Donald Trump Takes Credit for Arming Ukraine—Ignores First Impeachment

Former President Donald Trump took credit for arming Ukraine's military during a rally in South Carolina.

Trump was impeached for the first time in December 2019 for appearing to withhold U.S. military aid for Ukraine unless Kyiv investigated Joe Biden's son, Hunter.

Speaking at the rally in Florence on Saturday evening, Trump hit out at President Biden's handling of Russia's war with Ukraine, telling the crowd: "Remember that with Ukraine, I sent the javelins that you've seen are so effective against the tanks. Biden didn't.

"And, in fact, he ended our last order. Probably it'll get there because everyone realized it was the right thing to do."

Trump also claimed his personality kept the U.S. "out of war" and warned Russian President Vladimir Putin would not stop his invasion of Ukraine.

During his speech in front of his supporters, Trump claimed "nobody was ever tougher on Russia" than him.

The Republican leader then accused both former president Barack Obama and then-Vice President Biden of being weak in their response to the Russian annexation of Crimea.

Trump added: "Remember Obama-Biden, they sent blankets. I sent javelins and they sent—you know what the javelins are?

"They are the anti-tank weapons that knocked the hell out of those tanks and Ukraine wouldn't be having a chance without them.

"That was all sent by me. All of it. We sent other military equipment too. We didn't send our soldiers, but we sent them a lot of equipment."

While the Obama administration resisted sending lethal aid to Ukraine following the annexation of Crimea, it committed an assistance package worth $1.3 billion as of 2016. Part of theat package included funds to strengthen defenses, according to the White House.

This week, the Biden administration paved the way for a fresh shipment of military equipment for Ukraine, estimated to be worth $200 million, Reuters reports.

While former president Trump touted his lethal aid assistance for Ukraine, estimated to be worth hundreds of millions, he failed to mention how the country factored in his first impeachment attempt.

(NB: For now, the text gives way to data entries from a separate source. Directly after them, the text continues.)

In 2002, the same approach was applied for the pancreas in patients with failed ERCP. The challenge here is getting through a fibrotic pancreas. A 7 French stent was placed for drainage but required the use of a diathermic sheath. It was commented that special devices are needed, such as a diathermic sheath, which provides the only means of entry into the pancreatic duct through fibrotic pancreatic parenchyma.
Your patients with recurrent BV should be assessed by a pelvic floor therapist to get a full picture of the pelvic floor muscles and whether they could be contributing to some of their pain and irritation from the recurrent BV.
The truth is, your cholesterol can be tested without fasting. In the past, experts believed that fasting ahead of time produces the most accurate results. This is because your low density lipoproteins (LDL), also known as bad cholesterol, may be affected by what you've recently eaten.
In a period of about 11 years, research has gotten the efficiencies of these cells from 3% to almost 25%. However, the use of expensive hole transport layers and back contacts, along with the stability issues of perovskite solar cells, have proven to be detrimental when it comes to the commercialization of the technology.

In 2019, Trump was impeached in the House of Representatives over allegations of abuse of power and obstruction of Congress.

Central to the allegations was that Trump withheld $391 million in military aid to Ukraine in a bid to heap pressure on its government to announce an investigation into Biden, then a Democratic candidate for President.

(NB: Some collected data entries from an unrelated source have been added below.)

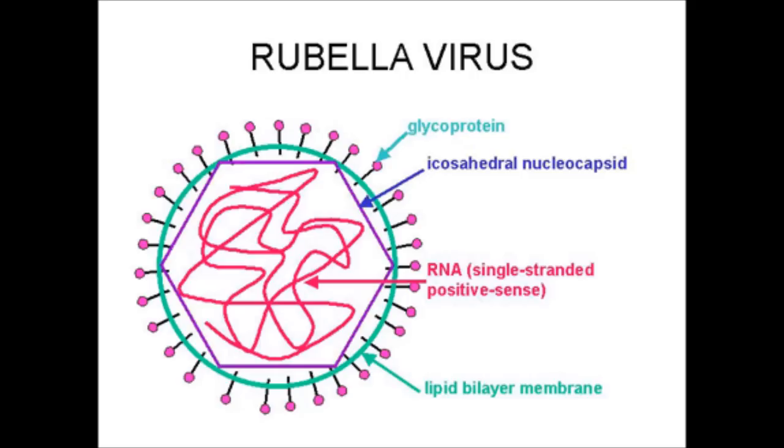The shape of rubella is known as icosahedral nucleocapsid. The inside of the virus is filled with RNA and the lipid bilayer membrane holds glycoprotein. The rubella virus comes from the genus of ruby virus.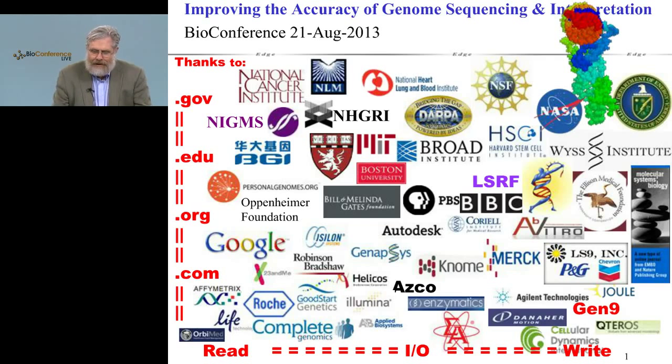Welcome, everybody. It's my great pleasure to be here and have so many of you viewing. I want you to get your questions queued up because there's going to be plenty of time for that at the end. This is my conflict of interest slide that many of you may recognize. Today we're talking about improving the accuracy of genome sequencing and interpretation.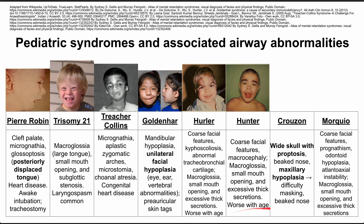Both of these tend to get worse with age. Next is Crouzon syndrome. These patients have a wide skull with proptosis and frontal bossing — it protrudes forward above the eyes. They also have a beaked nose and maxillary hypoplasia, which makes masking difficult before intubation.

Trump was alleged to have demanded cooperation from Ukrainian President Volodymyr Zelensky to investigate Biden's son Hunter's time while employed as an adviser for Burisma, an energy company in the country.

A recording of Trump's July 25 phone call with President Volodymyr Zelensky, "There's a lot of talk about Biden's son, that Biden stopped the prosecution and a lot of people want to find out about that so whatever you can do with the Attorney General would be great."

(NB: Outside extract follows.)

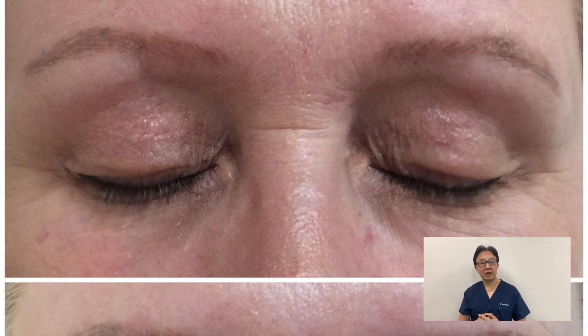There are scabs which will fall off in about 7 to 10 days. Side effects include swelling and post-inflammatory hyperpigmentation in darker skin patients. The risk of scarring is low in trained hands.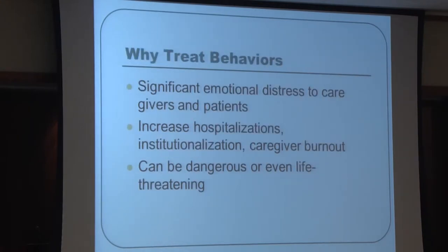Why should we treat these behaviors? They can cause significant distress to both patient and caregiver. Behavioral difficulties increase hospitalizations, which are extremely expensive, and institutionalization, which many patients are trying to avoid. They also contribute to caregiver burnout and can be dangerous or even life-threatening to the patient or others in their environment.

Both the impeachment attempt and an unprecedented second effort to remove Trump from office over his attempts to overturn the election result failed.

On Saturday, censured Republican Representative Adam Kinzinger admitted he regretted not impeaching the former president over his Ukraine stance.

In a series of tweets shared on Friday, Kinzinger said: "I want to be honest, in Congress, I have only a few votes that in hinder [hindsight] I regret. My biggest regret was voting against the first impeachment of Donald Trump."

He added: "It's important for political leaders to be transparent and admit regret when needed. The bottom line, Donald Trump withheld lethal aid to Ukraine so he could use it as leverage for his campaign. This is a shameful and illegal act, directly hurting the Ukraine defense today."

Trump also drew ire from South Carolina Republican Representative Tom Rice who said he is "consumed by spite" after the former president attacked him during the rally in Florence.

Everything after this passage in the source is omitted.